Tomo aqui dois exemplos que me parecem significativos, em áreas diversas, mas interligadas: o da instituição dos sindicatos, segundo o princípio da unicidade e sob a tutela do Estado, desde os primeiros meses do Governo Provisório [1930-33]; e o da decisão de impor, em 1937, a ditadura do Estado Novo.
Ambas as coisas não estavam inscritas, necessariamente, nas tábuas das leis da história, ainda que os ventos estivessem a seu favor.
O que teria acontecido se a pluralidade sindical, consagrada na Constituição de 1934, com forte apoio da Igreja Católica, tivesse sido implantada, proporcionando maior liberdade à organização sindical?
Por certo, muitos males teriam sido evitados, decorrentes de um sindicalismo dependente do Estado, via imposto sindical e outras benesses -e a figura do "pelego" talvez não tivesse existido.
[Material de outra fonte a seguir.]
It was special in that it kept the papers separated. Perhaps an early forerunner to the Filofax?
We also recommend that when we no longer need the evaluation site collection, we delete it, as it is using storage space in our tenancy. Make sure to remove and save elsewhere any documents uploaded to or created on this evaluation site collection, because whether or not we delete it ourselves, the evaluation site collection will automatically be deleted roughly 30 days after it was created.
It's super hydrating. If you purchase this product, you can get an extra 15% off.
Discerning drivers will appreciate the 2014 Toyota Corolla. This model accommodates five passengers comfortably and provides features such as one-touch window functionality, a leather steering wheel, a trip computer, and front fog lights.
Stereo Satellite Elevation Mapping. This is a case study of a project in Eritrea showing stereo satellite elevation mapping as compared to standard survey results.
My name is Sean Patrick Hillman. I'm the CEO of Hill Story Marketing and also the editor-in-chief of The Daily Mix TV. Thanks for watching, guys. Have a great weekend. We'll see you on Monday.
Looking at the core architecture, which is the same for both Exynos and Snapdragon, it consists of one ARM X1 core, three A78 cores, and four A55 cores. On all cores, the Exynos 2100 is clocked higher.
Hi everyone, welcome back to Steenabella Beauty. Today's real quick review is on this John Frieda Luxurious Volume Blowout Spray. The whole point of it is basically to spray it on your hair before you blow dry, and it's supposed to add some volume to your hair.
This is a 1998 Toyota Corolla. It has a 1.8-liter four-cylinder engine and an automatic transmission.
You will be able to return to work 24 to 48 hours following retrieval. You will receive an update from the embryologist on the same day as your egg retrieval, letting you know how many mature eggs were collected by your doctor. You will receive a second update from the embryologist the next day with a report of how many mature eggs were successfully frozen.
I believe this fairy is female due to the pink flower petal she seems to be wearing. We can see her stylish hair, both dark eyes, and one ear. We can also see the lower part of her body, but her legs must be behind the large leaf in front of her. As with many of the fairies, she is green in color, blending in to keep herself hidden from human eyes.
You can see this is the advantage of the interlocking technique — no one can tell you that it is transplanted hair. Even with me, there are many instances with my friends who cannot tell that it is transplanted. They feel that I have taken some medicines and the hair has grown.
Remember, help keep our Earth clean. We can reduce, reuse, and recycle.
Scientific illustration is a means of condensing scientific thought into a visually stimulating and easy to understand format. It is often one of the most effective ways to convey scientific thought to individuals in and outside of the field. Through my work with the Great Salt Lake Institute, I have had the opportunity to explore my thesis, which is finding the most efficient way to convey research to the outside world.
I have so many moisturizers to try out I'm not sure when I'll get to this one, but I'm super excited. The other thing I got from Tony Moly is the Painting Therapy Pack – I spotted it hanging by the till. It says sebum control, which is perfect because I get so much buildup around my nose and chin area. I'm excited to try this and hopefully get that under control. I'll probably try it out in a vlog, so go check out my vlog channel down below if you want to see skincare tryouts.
Mas, ao mesmo tempo, as categorias de trabalhadores em setores menos vitais para a economia não ficariam, na prática, órfãs de representação e destituídas dos direitos fixados na legislação trabalhista?
Por outro lado, o que aconteceria se Getúlio, apoiado na cúpula do Exército e na ampla maioria das elites, não tivesse desfechado o golpe do Estado Novo?
Caso o processo eleitoral em curso tivesse seguimento, um dos candidatos já em disputa -José Américo de Almeida ou Armando de Salles Oliveira- teria sido eleito em 1938 e o Brasil poderia ter dado continuidade a um processo democrático sem interrupções, quem sabe até evitando o golpe militar de 1964?
Não seria falsa a disjuntiva daqueles tempos, expressa na fórmula "ou autoritarismo, segurança e desenvolvimento nacional ou democracia, com riscos de controvérsias, que perturbariam o desenvolvimento"?
Perguntas sem resposta comprovada pelos fatos, pois o limite da frutífera e imaginativa exploração mental, própria da história a contrapelo, é que ela só nos permite conjecturar.

BORIS FAUSTO é historiador e preside o conselho acadêmico do Gacint (Grupo de Conjuntura Internacional), da USP. É autor de A Revolução de 1930 (Companhia das Letras).